Michigan State varsity’s associate professor was speaking at Habib University on Wednesday.

Ali Raj February 12, 2015
The Michigan State University associate professor was speaking at a lecture on ‘Computational Approaches to Urdu Poetry’ organised by Habib University. STOCK PHOTO

KARACHI: Digital curation, a process by which digital assets are preserved and archived, is vital for cultural preservation and will contribute towards preserving the South Asian heritage, said Dr Sean Pue on Wednesday.

The Michigan State University associate professor was speaking at a lecture on ‘Computational Approaches to Urdu Poetry’ organised by Habib University.

Introducing the speaker at the Tariq Rafi Lecture Theatre, Habib University School of Arts, Humanities and Social Sciences acting dean Dr Nauman Naqvi said Dr Pue is a torchbearer of the study of Urdu literary modernism and his projects will be the watershed for the preservation and rediscovery of our literary heritage.

Dr Pue, a literary historian and digital humanist, has worked on numerous projects pertaining to the computation of traditional and modern Urdu poetry through bio-informatic algorithms. The purpose, he said, is to make the computer artificially capable of transliterating, translating, interpreting and referencing Urdu poetry through the study of form.

“We transcribed 3,314 lines of Diwan-e-Ghalib for our project, Desertful of Roses,” he said. “Once the meter of the poetry is determined, it can be visualised in numerous ways.” Dr Pue argued that such tabulation is vital to map out the evolution of poetic forms and understand the politics of modernist Urdu poetry.

Quoting poet Tassaduq Hussain Khalid who said that all languages influence each other, Dr Pue argued that languages are material in nature.
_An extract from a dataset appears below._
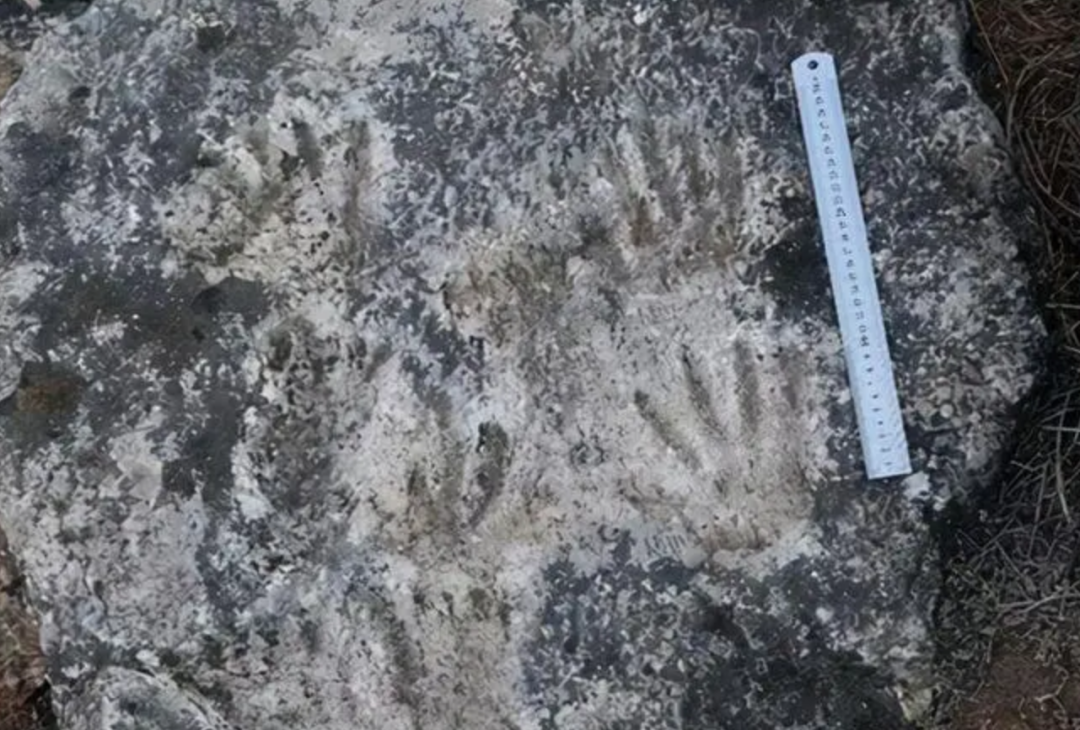 226,000年前，谁留在谁留在Aomi西藏西藏帕萨的小组？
He said the inter-textuality of Urdu poetic forms attracted him towards computation projects when he studied Mirza Ghalib during his undergrad. “The aesthetic value of the works of Faiz Ahmed Faiz, Noon Meem Rashid and Meeraji is immense,” he said.

The associate professor said decoding Mir Taqi Mir’s meters is a challenge at par with the computation of Urdu free verse. “Mir’s Hindi meter is neither Persian nor Hindi. It is the invention of the Urdu wala [Urdu speakers],” he quoted litterateur Dr Shamsur Rehman Faruqi as saying.
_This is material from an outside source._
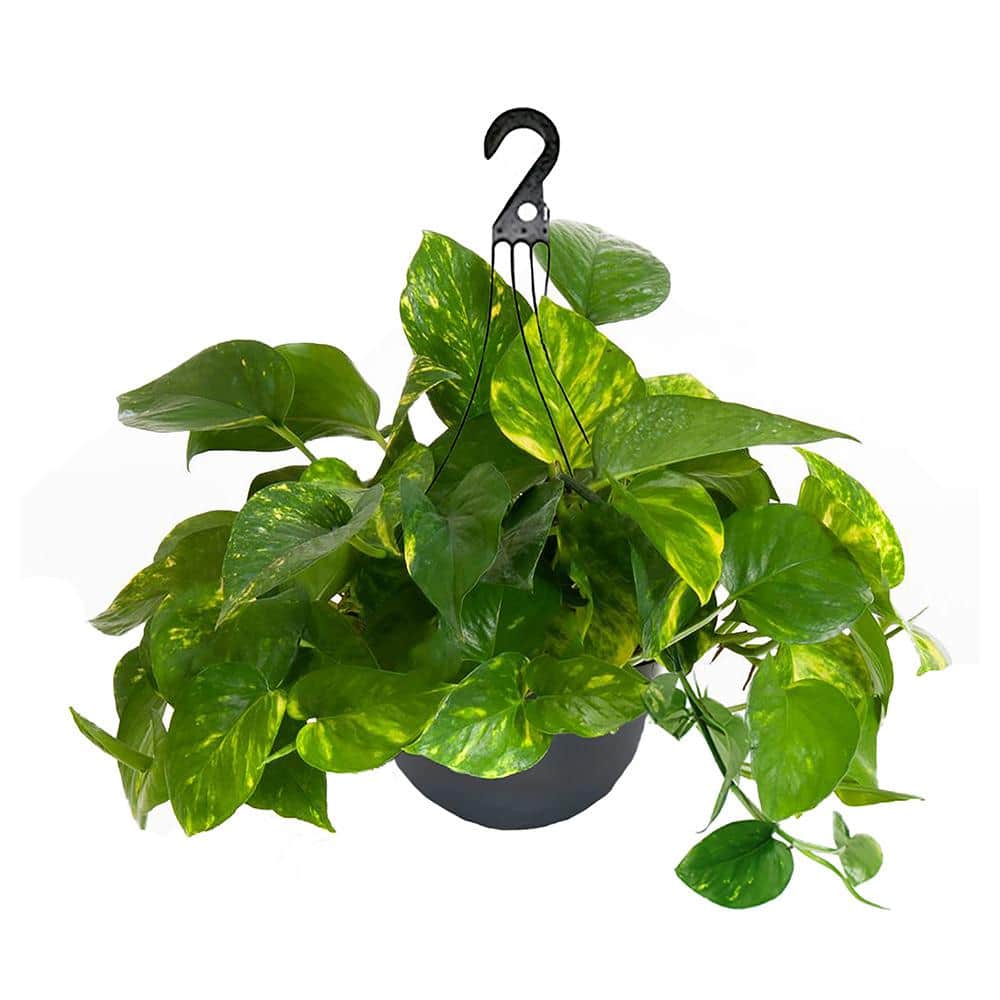 10 inch Golden Pothos Foliage Plant Hanging Basket with Green and Yellow Fo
Dr Pue also demonstrated his command over the local vernacular frequently throughout the session. The lecture culminated with him reciting the translation of Zamana Khuda Hai by Noon Meem Rashid.

Professor Asif Farrukhi, an instructor of Jehan-e-Urdu at Habib University, told The Express Tribune how many of his students find it painstaking to write Urdu and express themselves better in English.

Published in The Express Tribune, February 13th, 2015.